Designers of library catalogues please note!

17 January 2008

Library of Congress joins Flickr

The Library of Congress has announced a joint venture with Flickr:
The project is beginning somewhat modestly, but we hope to learn a lot from it. Out of some 14 million prints, photographs and other visual materials at the Library of Congress, more than 3,000 photos from two of our most popular collections are being made available on our new Flickr page, to include only images for which no copyright restrictions are known to exist.

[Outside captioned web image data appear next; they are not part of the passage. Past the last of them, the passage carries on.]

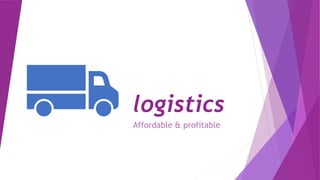 logistics
Affordable & profitable
 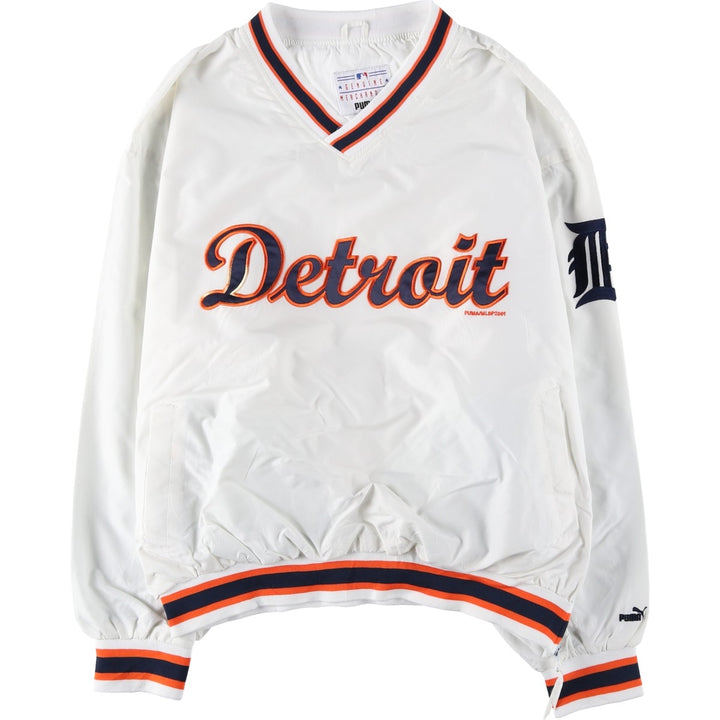 90'S Puma MLB Detroit Tigers V-neck warm-up pullover, men's size XL polyester pale white type Vintage Second Hand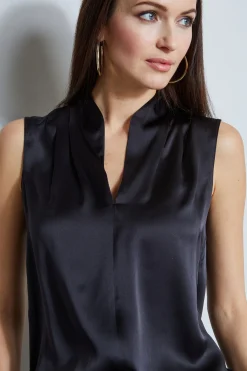 Elie Tahari Tops & Sweaters-Contour Silk Satin Shirt BLACK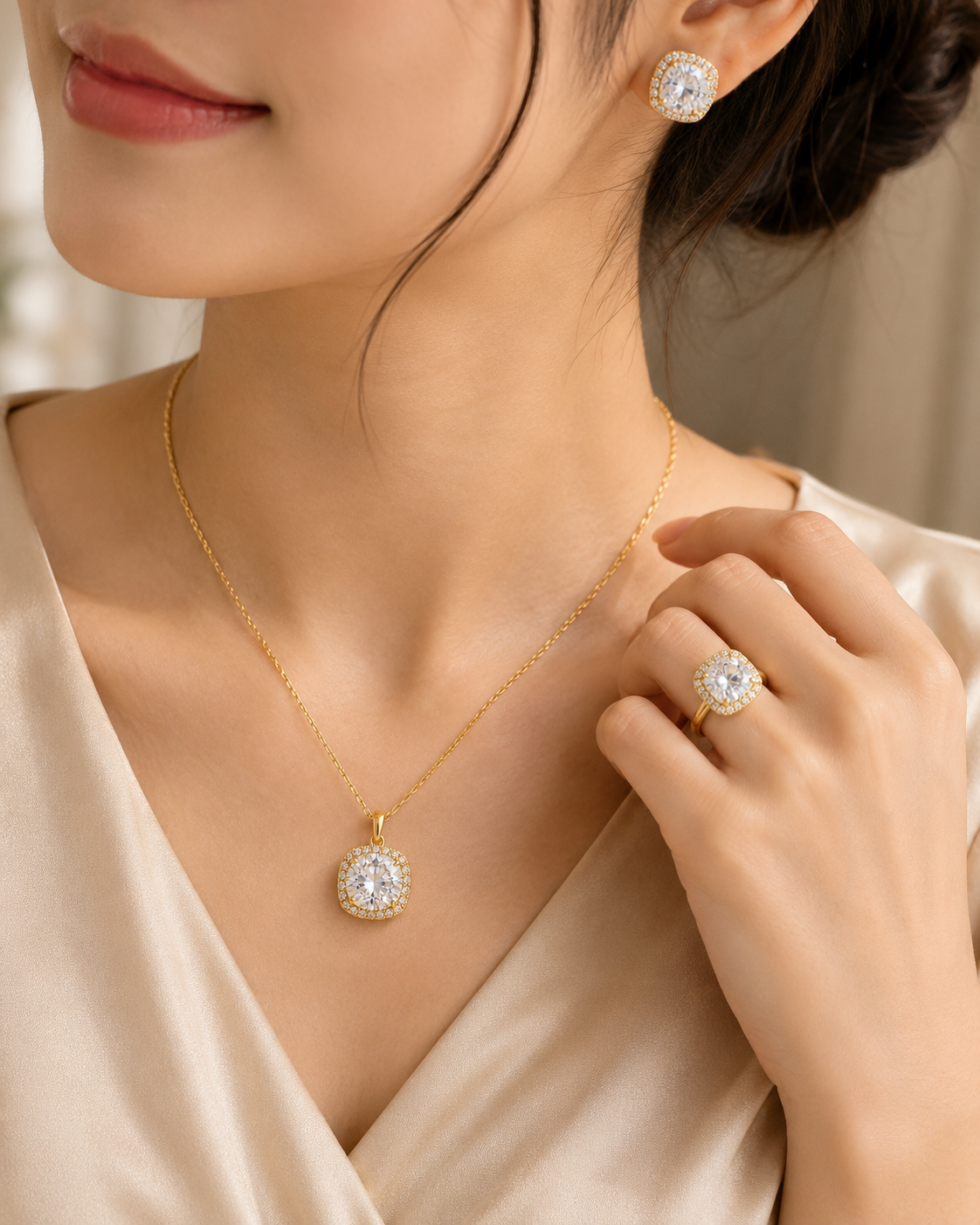 Solitaire Pendant with Earrings and Ring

This should be a significant development for historians and others looking to illustrate papers, etc. with appropriate photos.
This is part of Flickr's 'Commons' project - which, among other things, allows Flickr users to add tags to the pictures: the effect of this is evident as far as one picture is concerned - it has more than 60 tags in at least three languages! Allowing anyone to tag means that either, a) this picture will pop up for a much wider range of search enquiries (for example, in a search for 'smoke' as well as for 'railway'); or, looked at from another perspective, too many pictures will be retrieved!

13 January 2008

Bridging the virtual and the real

Under a rather misleading headline (Library of Congress goes virtual) PC World has an article on an agreement between Microsoft and the L of C to enable the online visitor to get directions to exhibits, etc. when visiting the L of C in reality.
I say 'misleading' because, of course, the Library of Congress has had a digital library element for some years now, including, for example, its American Memory section.

12 January 2008

Ted Nelson's 70th birthday

The University of Southampton has a video of a lecture given there by Ted Nelson on the occasion of his 70th birthday. I met Ted Nelson probably about 20 year ago or so during one of his visits to the UK, possible for the Online Conference, or some other meeting and I wondered then if his ideas would ever be implemented. So far, they haven't been and, honestly, I don't see much chance that they will be. They are, I suspect, too idiosyncratic: they define what Ted wants of systems, but not necessarily what everyone else wants, or would even be happy to work with. However, watch the lecture - it is a rather rambling two hours' worth and you can skip chunks if you wish. It moves from a consideration of note-taking (or, rather, the way Ted takes notes - does anyone else have millions of them stored in various places around the world?) and on to education (where he has clearly not heard of A.S. Neill and Summerhill, since he claims that no one has ever implemented the model he prefers, which, as far as I can see, is something close to the Summerhill model), and on from education to the origin of languages and their distribution (again, somewhat suspect ideas, if the review of many literatures found in the brilliant "The origins of the British" by Stephen Oppenheim is to be trusted), and then on to the eruption of Thera (Santorini) and the rediscovery of writing, back to Project Xanadu (which is about "handling documents they way they should be" - or, more correctly, the way Ted would like to be able to handle, but which I suspect would drive the rest of humankind crazy) and, via "General Strategics", to a closing comment on the teaching of mathematics.